*** Given entries ***

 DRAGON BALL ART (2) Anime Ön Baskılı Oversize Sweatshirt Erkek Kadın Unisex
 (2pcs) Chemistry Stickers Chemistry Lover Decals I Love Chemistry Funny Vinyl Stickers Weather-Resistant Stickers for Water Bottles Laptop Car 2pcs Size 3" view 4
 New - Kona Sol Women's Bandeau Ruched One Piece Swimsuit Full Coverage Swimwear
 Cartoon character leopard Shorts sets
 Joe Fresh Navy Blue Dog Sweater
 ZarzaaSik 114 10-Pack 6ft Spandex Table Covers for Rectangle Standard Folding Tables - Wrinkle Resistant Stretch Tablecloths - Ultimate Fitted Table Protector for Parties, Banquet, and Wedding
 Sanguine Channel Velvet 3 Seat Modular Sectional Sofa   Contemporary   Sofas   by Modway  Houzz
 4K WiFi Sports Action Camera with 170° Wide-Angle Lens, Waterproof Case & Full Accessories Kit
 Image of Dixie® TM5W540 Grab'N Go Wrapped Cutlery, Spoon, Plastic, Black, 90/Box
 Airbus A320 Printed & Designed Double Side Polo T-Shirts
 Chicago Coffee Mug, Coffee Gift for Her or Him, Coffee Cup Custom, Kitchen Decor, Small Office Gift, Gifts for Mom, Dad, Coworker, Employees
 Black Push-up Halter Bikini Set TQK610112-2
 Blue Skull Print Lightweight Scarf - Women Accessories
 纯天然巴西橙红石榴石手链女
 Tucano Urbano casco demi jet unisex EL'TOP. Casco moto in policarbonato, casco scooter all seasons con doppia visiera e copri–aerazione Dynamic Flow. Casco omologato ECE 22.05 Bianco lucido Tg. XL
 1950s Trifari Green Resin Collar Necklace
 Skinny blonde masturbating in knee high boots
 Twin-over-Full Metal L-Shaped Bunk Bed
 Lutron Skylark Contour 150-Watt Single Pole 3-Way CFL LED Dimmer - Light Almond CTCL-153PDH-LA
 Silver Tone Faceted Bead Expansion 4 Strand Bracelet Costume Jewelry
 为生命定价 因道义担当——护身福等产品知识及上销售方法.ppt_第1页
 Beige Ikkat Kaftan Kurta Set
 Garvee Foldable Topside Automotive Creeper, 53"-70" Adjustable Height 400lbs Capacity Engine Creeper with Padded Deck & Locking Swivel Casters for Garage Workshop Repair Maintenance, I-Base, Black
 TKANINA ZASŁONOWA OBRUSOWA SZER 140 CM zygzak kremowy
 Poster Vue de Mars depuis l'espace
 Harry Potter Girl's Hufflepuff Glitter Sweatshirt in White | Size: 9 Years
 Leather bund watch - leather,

*** End of Given entries ***

▶ **What to work on**: Check the data for lines with "Full" and give only their number.

▶ **Expected answer**: 3